**GOAL OF THE EXERCISE**
In the entries that follow, find the line containing "London: Christmas Lights" and the line containing "Продам зимние шины", then retype exactly the lines from the first through the second, pictures excluded.

**DATASET EXCERPTS**
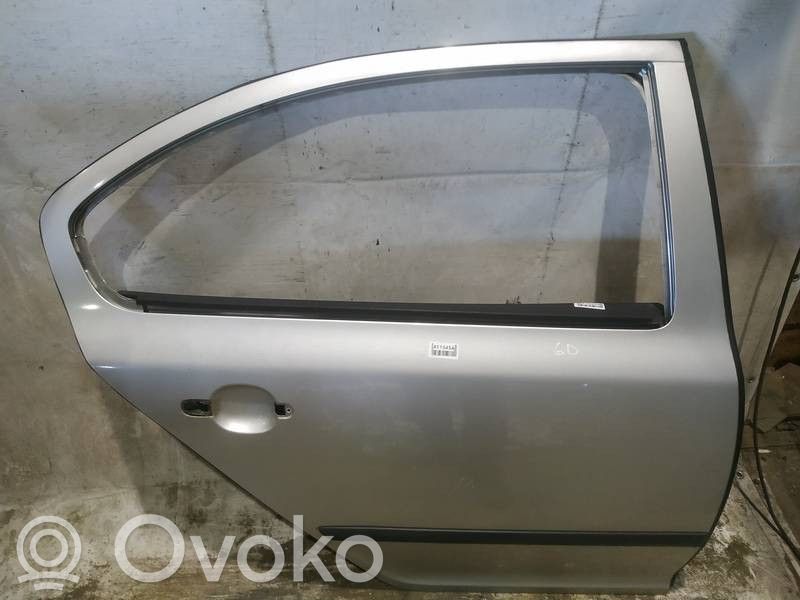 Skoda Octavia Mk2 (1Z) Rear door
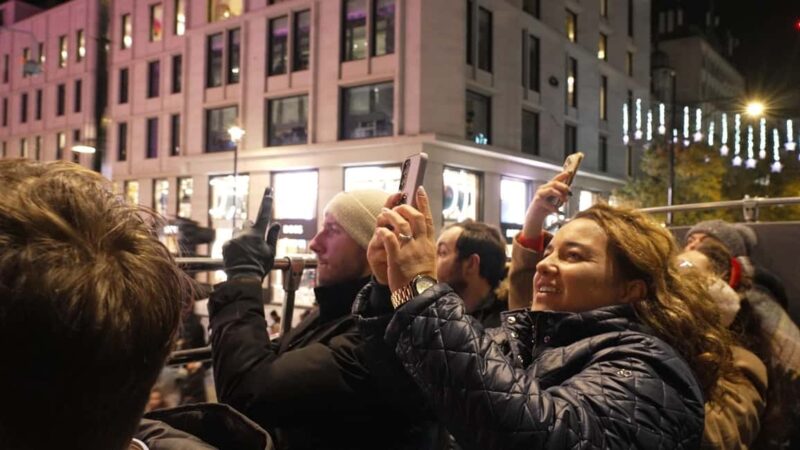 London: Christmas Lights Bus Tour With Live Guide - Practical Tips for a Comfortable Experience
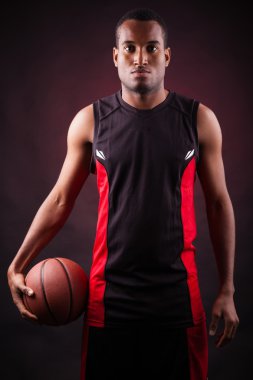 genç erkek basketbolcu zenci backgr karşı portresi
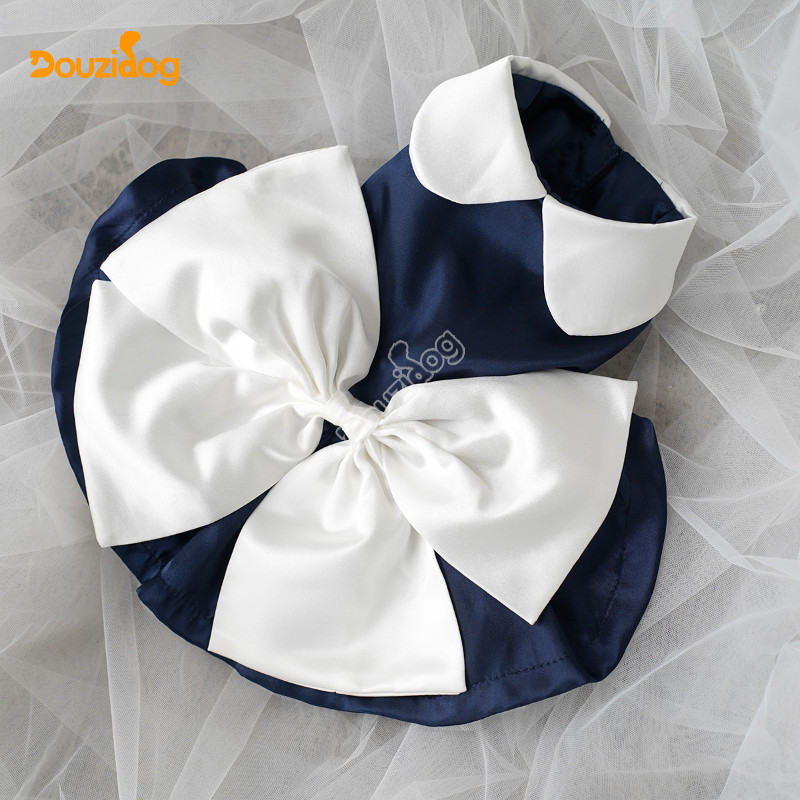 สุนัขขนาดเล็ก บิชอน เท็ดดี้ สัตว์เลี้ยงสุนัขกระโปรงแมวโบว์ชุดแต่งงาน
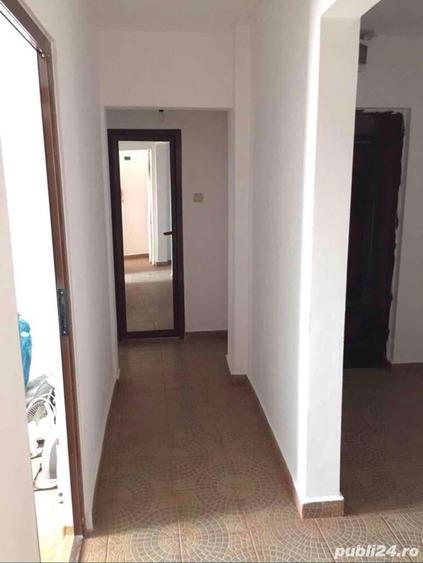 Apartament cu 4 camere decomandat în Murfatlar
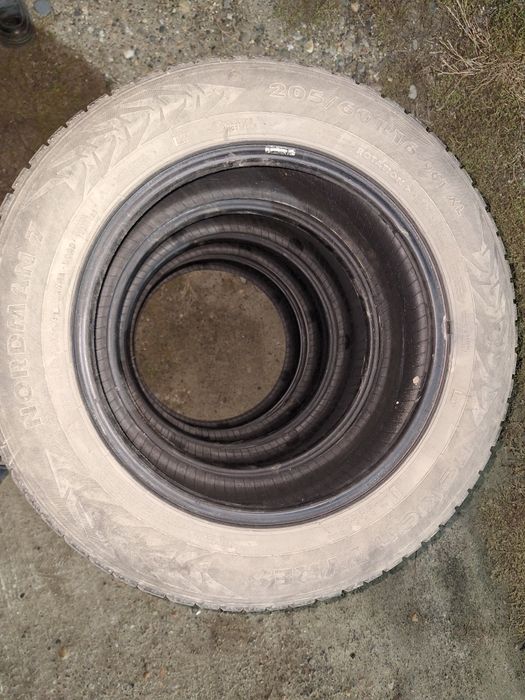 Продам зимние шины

---

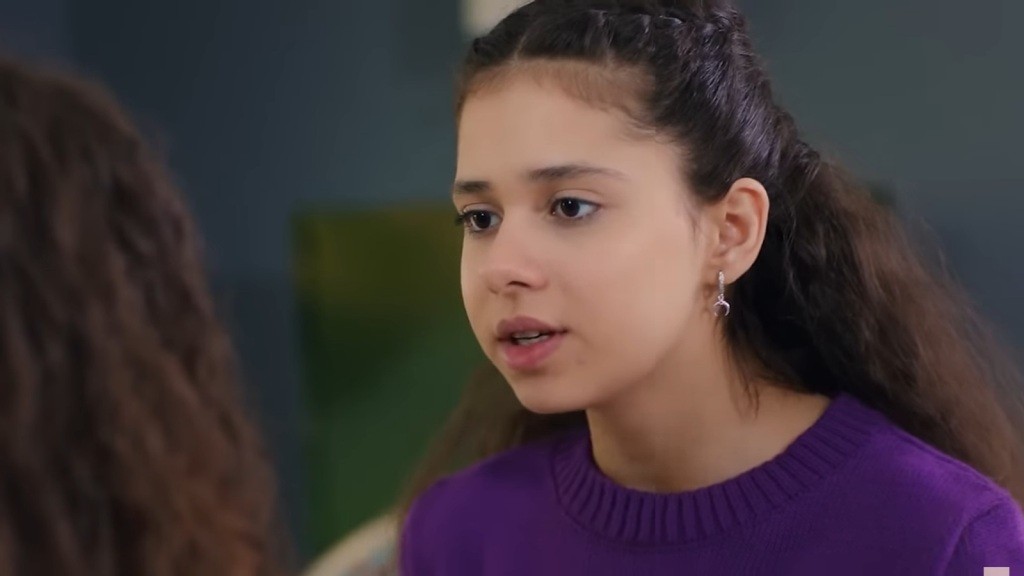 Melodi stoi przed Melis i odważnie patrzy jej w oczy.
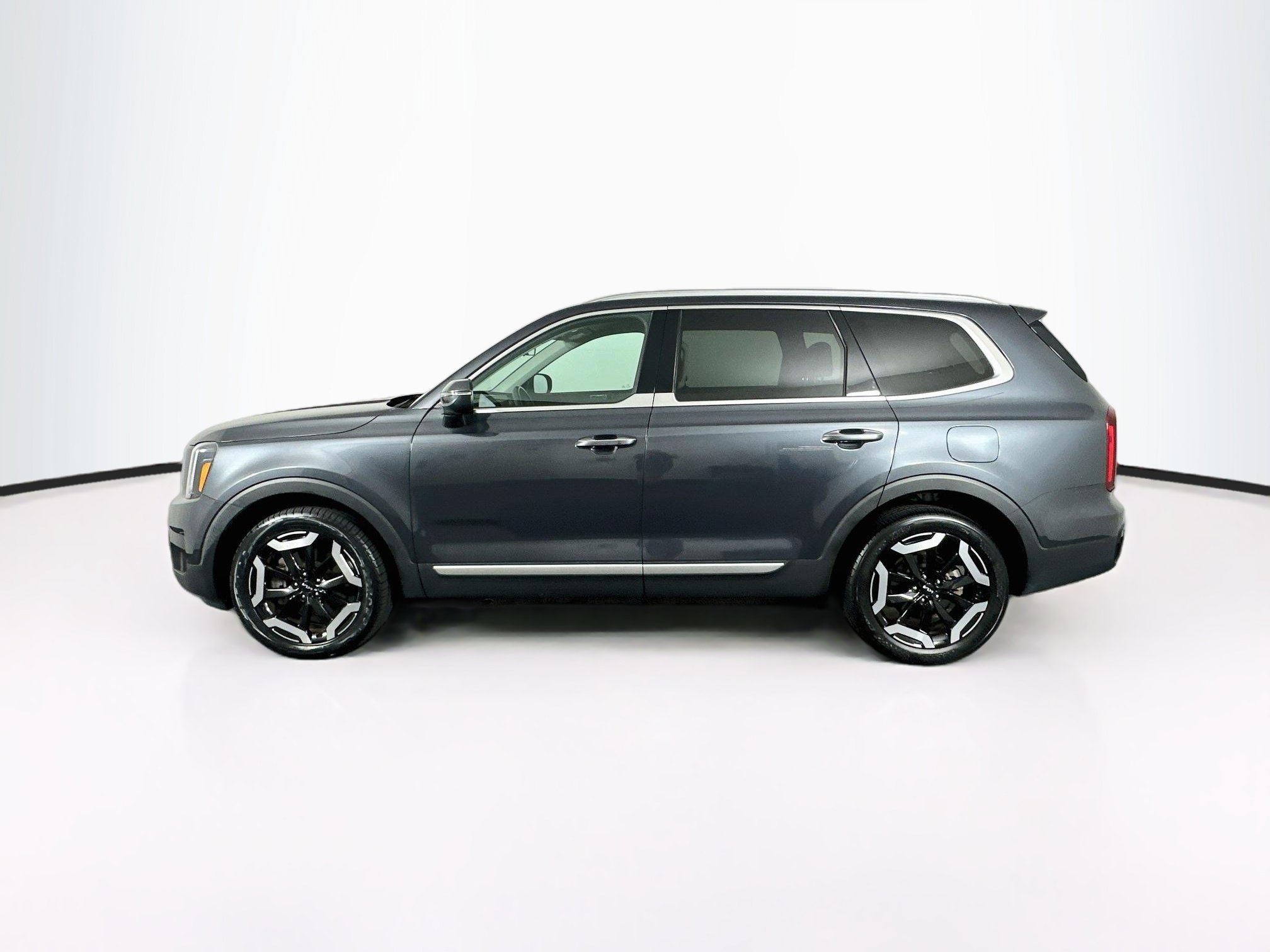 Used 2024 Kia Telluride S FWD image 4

**RESULT OF THIS TASK**
 London: Christmas Lights Bus Tour With Live Guide - Practical Tips for a Comfortable Experience
 genç erkek basketbolcu zenci backgr karşı portresi
 สุนัขขนาดเล็ก บิชอน เท็ดดี้ สัตว์เลี้ยงสุนัขกระโปรงแมวโบว์ชุดแต่งงาน
 Apartament cu 4 camere decomandat în Murfatlar
 Продам зимние шины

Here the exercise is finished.